§ Problem requirements
In full and without alteration, print the entries.
--
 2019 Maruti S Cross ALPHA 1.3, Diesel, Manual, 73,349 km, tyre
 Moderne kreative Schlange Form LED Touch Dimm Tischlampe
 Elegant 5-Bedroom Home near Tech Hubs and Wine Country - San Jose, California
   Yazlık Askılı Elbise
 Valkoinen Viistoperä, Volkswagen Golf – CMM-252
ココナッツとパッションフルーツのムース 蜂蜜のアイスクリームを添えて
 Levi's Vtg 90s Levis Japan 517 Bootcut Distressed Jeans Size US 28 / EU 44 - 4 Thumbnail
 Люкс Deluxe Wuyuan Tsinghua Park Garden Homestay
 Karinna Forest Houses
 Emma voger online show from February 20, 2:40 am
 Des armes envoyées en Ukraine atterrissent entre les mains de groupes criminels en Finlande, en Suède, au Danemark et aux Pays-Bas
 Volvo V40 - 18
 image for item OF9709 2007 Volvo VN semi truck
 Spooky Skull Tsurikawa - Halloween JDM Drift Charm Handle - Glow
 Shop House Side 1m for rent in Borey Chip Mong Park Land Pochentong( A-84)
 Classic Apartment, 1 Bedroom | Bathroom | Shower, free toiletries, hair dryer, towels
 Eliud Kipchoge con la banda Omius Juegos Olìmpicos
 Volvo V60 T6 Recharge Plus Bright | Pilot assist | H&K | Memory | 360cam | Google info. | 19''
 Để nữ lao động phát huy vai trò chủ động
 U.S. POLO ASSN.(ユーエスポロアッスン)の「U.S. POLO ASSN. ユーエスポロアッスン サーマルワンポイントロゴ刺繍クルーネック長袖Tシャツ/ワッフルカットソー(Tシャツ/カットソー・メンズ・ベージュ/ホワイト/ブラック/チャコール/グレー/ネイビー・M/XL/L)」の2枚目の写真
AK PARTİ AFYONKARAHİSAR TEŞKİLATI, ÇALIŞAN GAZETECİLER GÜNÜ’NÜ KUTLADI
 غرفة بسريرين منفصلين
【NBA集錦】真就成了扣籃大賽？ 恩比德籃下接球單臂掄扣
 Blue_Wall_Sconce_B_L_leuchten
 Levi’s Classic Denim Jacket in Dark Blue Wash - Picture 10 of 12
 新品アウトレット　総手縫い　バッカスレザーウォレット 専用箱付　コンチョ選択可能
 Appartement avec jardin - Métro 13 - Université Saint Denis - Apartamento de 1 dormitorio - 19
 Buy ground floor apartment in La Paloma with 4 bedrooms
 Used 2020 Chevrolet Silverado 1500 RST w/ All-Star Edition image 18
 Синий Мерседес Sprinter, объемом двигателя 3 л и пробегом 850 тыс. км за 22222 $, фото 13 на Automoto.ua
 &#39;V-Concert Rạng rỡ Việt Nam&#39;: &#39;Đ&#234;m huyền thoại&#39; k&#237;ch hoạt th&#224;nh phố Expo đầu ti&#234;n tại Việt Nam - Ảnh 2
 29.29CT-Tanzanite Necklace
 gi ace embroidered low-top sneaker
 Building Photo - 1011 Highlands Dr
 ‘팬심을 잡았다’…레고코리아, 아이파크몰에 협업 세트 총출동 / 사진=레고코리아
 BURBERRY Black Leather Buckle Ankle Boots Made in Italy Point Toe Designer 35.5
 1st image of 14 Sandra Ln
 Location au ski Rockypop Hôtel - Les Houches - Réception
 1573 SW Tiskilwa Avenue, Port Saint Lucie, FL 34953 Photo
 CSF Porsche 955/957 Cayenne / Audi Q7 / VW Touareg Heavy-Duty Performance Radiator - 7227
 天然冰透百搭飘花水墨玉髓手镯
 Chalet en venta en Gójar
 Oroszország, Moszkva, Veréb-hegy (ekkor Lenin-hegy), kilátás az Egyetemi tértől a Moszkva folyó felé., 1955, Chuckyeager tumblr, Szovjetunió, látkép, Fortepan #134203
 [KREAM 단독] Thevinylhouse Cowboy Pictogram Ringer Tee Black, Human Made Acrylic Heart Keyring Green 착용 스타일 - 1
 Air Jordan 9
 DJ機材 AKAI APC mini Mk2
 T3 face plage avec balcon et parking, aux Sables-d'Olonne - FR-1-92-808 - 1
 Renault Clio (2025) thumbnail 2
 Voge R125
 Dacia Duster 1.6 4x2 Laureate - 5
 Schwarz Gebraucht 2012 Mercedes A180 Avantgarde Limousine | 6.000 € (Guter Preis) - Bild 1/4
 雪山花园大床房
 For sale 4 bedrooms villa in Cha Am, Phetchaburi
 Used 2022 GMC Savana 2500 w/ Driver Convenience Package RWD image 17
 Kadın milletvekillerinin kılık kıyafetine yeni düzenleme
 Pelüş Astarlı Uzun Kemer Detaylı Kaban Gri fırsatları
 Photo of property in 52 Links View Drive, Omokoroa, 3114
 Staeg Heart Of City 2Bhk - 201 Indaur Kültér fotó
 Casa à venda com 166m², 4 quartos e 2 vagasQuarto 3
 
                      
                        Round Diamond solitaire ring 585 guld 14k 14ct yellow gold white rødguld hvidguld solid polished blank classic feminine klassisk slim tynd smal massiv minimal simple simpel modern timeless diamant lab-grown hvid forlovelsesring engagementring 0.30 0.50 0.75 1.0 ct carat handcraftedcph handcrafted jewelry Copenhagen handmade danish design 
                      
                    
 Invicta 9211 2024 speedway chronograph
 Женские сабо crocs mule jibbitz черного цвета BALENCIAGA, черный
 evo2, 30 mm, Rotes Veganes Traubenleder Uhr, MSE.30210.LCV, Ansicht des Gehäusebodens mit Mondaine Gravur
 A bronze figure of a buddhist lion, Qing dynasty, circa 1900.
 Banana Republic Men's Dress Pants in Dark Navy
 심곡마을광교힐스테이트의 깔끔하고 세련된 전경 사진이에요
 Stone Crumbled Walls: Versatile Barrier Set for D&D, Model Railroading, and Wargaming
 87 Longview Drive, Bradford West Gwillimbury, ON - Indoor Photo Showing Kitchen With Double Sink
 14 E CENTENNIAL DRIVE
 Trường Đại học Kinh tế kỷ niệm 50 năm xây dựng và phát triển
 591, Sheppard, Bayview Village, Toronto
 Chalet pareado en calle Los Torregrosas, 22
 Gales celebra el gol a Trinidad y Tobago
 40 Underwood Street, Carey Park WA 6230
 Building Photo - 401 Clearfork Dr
--
§ Answer section
 2019 Maruti S Cross ALPHA 1.3, Diesel, Manual, 73,349 km, tyre
 Moderne kreative Schlange Form LED Touch Dimm Tischlampe
 Elegant 5-Bedroom Home near Tech Hubs and Wine Country - San Jose, California
   Yazlık Askılı Elbise
 Valkoinen Viistoperä, Volkswagen Golf – CMM-252
ココナッツとパッションフルーツのムース 蜂蜜のアイスクリームを添えて
 Levi's Vtg 90s Levis Japan 517 Bootcut Distressed Jeans Size US 28 / EU 44 - 4 Thumbnail
 Люкс Deluxe Wuyuan Tsinghua Park Garden Homestay
 Karinna Forest Houses
 Emma voger online show from February 20, 2:40 am
 Des armes envoyées en Ukraine atterrissent entre les mains de groupes criminels en Finlande, en Suède, au Danemark et aux Pays-Bas
 Volvo V40 - 18
 image for item OF9709 2007 Volvo VN semi truck
 Spooky Skull Tsurikawa - Halloween JDM Drift Charm Handle - Glow
 Shop House Side 1m for rent in Borey Chip Mong Park Land Pochentong( A-84)
 Classic Apartment, 1 Bedroom | Bathroom | Shower, free toiletries, hair dryer, towels
 Eliud Kipchoge con la banda Omius Juegos Olìmpicos
 Volvo V60 T6 Recharge Plus Bright | Pilot assist | H&K | Memory | 360cam | Google info. | 19''
 Để nữ lao động phát huy vai trò chủ động
 U.S. POLO ASSN.(ユーエスポロアッスン)の「U.S. POLO ASSN. ユーエスポロアッスン サーマルワンポイントロゴ刺繍クルーネック長袖Tシャツ/ワッフルカットソー(Tシャツ/カットソー・メンズ・ベージュ/ホワイト/ブラック/チャコール/グレー/ネイビー・M/XL/L)」の2枚目の写真
AK PARTİ AFYONKARAHİSAR TEŞKİLATI, ÇALIŞAN GAZETECİLER GÜNÜ’NÜ KUTLADI
 غرفة بسريرين منفصلين
【NBA集錦】真就成了扣籃大賽？ 恩比德籃下接球單臂掄扣
 Blue_Wall_Sconce_B_L_leuchten
 Levi’s Classic Denim Jacket in Dark Blue Wash - Picture 10 of 12
 新品アウトレット　総手縫い　バッカスレザーウォレット 専用箱付　コンチョ選択可能
 Appartement avec jardin - Métro 13 - Université Saint Denis - Apartamento de 1 dormitorio - 19
 Buy ground floor apartment in La Paloma with 4 bedrooms
 Used 2020 Chevrolet Silverado 1500 RST w/ All-Star Edition image 18
 Синий Мерседес Sprinter, объемом двигателя 3 л и пробегом 850 тыс. км за 22222 $, фото 13 на Automoto.ua
 &#39;V-Concert Rạng rỡ Việt Nam&#39;: &#39;Đ&#234;m huyền thoại&#39; k&#237;ch hoạt th&#224;nh phố Expo đầu ti&#234;n tại Việt Nam - Ảnh 2
 29.29CT-Tanzanite Necklace
 gi ace embroidered low-top sneaker
 Building Photo - 1011 Highlands Dr
 ‘팬심을 잡았다’…레고코리아, 아이파크몰에 협업 세트 총출동 / 사진=레고코리아
 BURBERRY Black Leather Buckle Ankle Boots Made in Italy Point Toe Designer 35.5
 1st image of 14 Sandra Ln
 Location au ski Rockypop Hôtel - Les Houches - Réception
 1573 SW Tiskilwa Avenue, Port Saint Lucie, FL 34953 Photo
 CSF Porsche 955/957 Cayenne / Audi Q7 / VW Touareg Heavy-Duty Performance Radiator - 7227
 天然冰透百搭飘花水墨玉髓手镯
 Chalet en venta en Gójar
 Oroszország, Moszkva, Veréb-hegy (ekkor Lenin-hegy), kilátás az Egyetemi tértől a Moszkva folyó felé., 1955, Chuckyeager tumblr, Szovjetunió, látkép, Fortepan #134203
 [KREAM 단독] Thevinylhouse Cowboy Pictogram Ringer Tee Black, Human Made Acrylic Heart Keyring Green 착용 스타일 - 1
 Air Jordan 9
 DJ機材 AKAI APC mini Mk2
 T3 face plage avec balcon et parking, aux Sables-d'Olonne - FR-1-92-808 - 1
 Renault Clio (2025) thumbnail 2
 Voge R125
 Dacia Duster 1.6 4x2 Laureate - 5
 Schwarz Gebraucht 2012 Mercedes A180 Avantgarde Limousine | 6.000 € (Guter Preis) - Bild 1/4
 雪山花园大床房
 For sale 4 bedrooms villa in Cha Am, Phetchaburi
 Used 2022 GMC Savana 2500 w/ Driver Convenience Package RWD image 17
 Kadın milletvekillerinin kılık kıyafetine yeni düzenleme
 Pelüş Astarlı Uzun Kemer Detaylı Kaban Gri fırsatları
 Photo of property in 52 Links View Drive, Omokoroa, 3114
 Staeg Heart Of City 2Bhk - 201 Indaur Kültér fotó
 Casa à venda com 166m², 4 quartos e 2 vagasQuarto 3
 
                      
                        Round Diamond solitaire ring 585 guld 14k 14ct yellow gold white rødguld hvidguld solid polished blank classic feminine klassisk slim tynd smal massiv minimal simple simpel modern timeless diamant lab-grown hvid forlovelsesring engagementring 0.30 0.50 0.75 1.0 ct carat handcraftedcph handcrafted jewelry Copenhagen handmade danish design 
                      
                    
 Invicta 9211 2024 speedway chronograph
 Женские сабо crocs mule jibbitz черного цвета BALENCIAGA, черный
 evo2, 30 mm, Rotes Veganes Traubenleder Uhr, MSE.30210.LCV, Ansicht des Gehäusebodens mit Mondaine Gravur
 A bronze figure of a buddhist lion, Qing dynasty, circa 1900.
 Banana Republic Men's Dress Pants in Dark Navy
 심곡마을광교힐스테이트의 깔끔하고 세련된 전경 사진이에요
 Stone Crumbled Walls: Versatile Barrier Set for D&D, Model Railroading, and Wargaming
 87 Longview Drive, Bradford West Gwillimbury, ON - Indoor Photo Showing Kitchen With Double Sink
 14 E CENTENNIAL DRIVE
 Trường Đại học Kinh tế kỷ niệm 50 năm xây dựng và phát triển
 591, Sheppard, Bayview Village, Toronto
 Chalet pareado en calle Los Torregrosas, 22
 Gales celebra el gol a Trinidad y Tobago
 40 Underwood Street, Carey Park WA 6230
 Building Photo - 401 Clearfork Dr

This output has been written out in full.